Oleh :
Budi Santoso, S.St.Pi
I. PENDAHULUAN
1.
Latar
Belakang
Jaring
trawl yang selanjutnya disingkat dengan “trawl” telah mengalami perkembangan
pesat di Indonesia sejak awal pelita I. Trawl sebenarnya sudah lama dikenal di
Indonesia sejak sebelum Perang Dunia II walaupun masih dalam bentuk (tingkat)
percobaan. Percobaan-percobaan tersebut sempat terhenti akibat pecah Perang
Dunia II dan baru dilanjutkan sesudah tahun 50-an (periode setelah proklamasi
kemerdekaan).
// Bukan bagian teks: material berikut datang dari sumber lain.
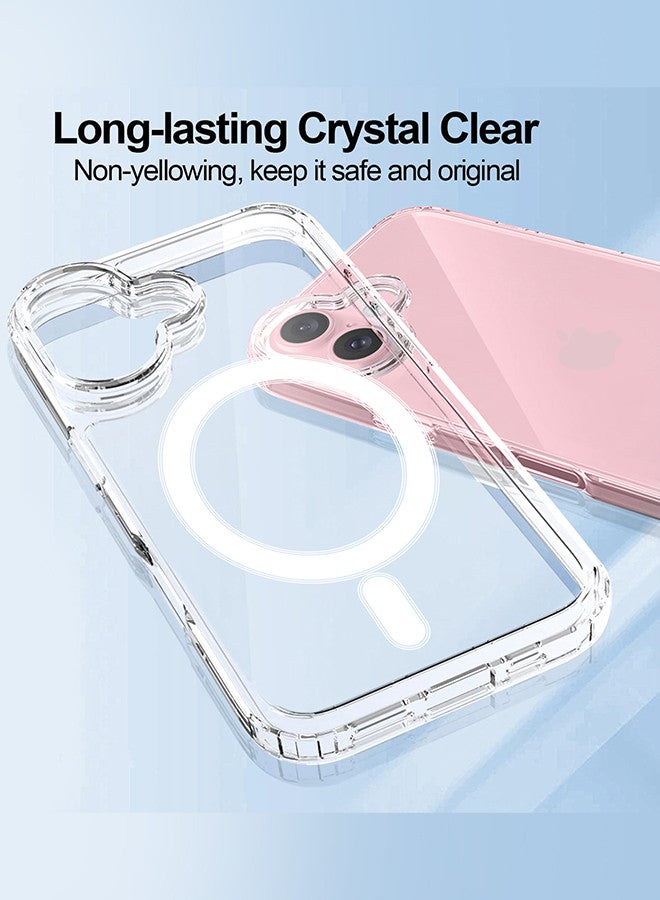 MARGOUN (for iPhone 16) TPU Case,Compatible with MagSafe, Military Grade Protection, Resists Yellowing and Scratches, Magnetic Phone Clear - Image 3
Penggunaan jaring trawl dalam tingkat percobaan ini semula
dipelopori oleh Yayasan Perikanan Laut, suatu unit pelaksana kerja dibawah
naungan Jawatan Perikanan Pusat waktu itu. Percobaan ini semula dilakukan oleh
YPL Makassar (1952) kemudian dilanjutkan oleh YPL Surabaya.
Isu
penggunaan alat tangkap trawl telah lama dikumandangkan dan tantangan terbesar
saat ini adalah menghentikan laju kerusakan ekosistem dan degradasi sumber daya
perikanan yang sudah mencapai status tangkap lebih yang antara lain diakibatkan
oleh produktivitas penggunaan trawl.
2.
Rumusan Masalah
Rumusan masalah dalam judul makalah ini adalah apa yang dimaksud dengan alat tangkap trawl,
bagaimana bentuk kontruksi dan pegoperasiannya dan sejauh mana dampak yang
ditimbulkan bagi ekosistem perairan dalam pengoperasiannya ?
II.
KAJIAN TEORI
Kata “ trawl “ berasal dari bahasa prancis “
troler “ dari kata “ trailing “ adalah dalam bahasa inggris, mempunyai arti
yang bersamaan, dapat diterjemahkan dalam bahasa Indonesia dengan kata “tarik “
ataupun “mengelilingi seraya menarik “. Ada yang menterjemahkan “trawl” dengan
“jaring tarik” , tapi karena hampir semua jarring dalam operasinya mengalami
perlakuan tarik ataupun ditarik , maka selama belum ada ketentuan
resmi mengenai peristilahan dari yang berwenang maka digunakan kata” trawl”
saja.
Dari kata “ trawl” lahir kata “trawling” yang
berarti kerja melakukan operasi penangkapan ikan dengan trawl, dan kata
“trawler” yang berarti kapal yang melakukan trawling. Jadi yang dimaksud dengan
jarring trawl ( trawl net ) disini adalah suatu jaring kantong yang ditarik di
belakang kapal ( baca : kapal dalam keadaan berjalan ) menelusuri permukaan
dasar perairan untuk menangkap ikan, udang dan jenis demersal lainnya. Jarring
ini juga ada yang menyangkut sebagai “jaring tarik dasar”.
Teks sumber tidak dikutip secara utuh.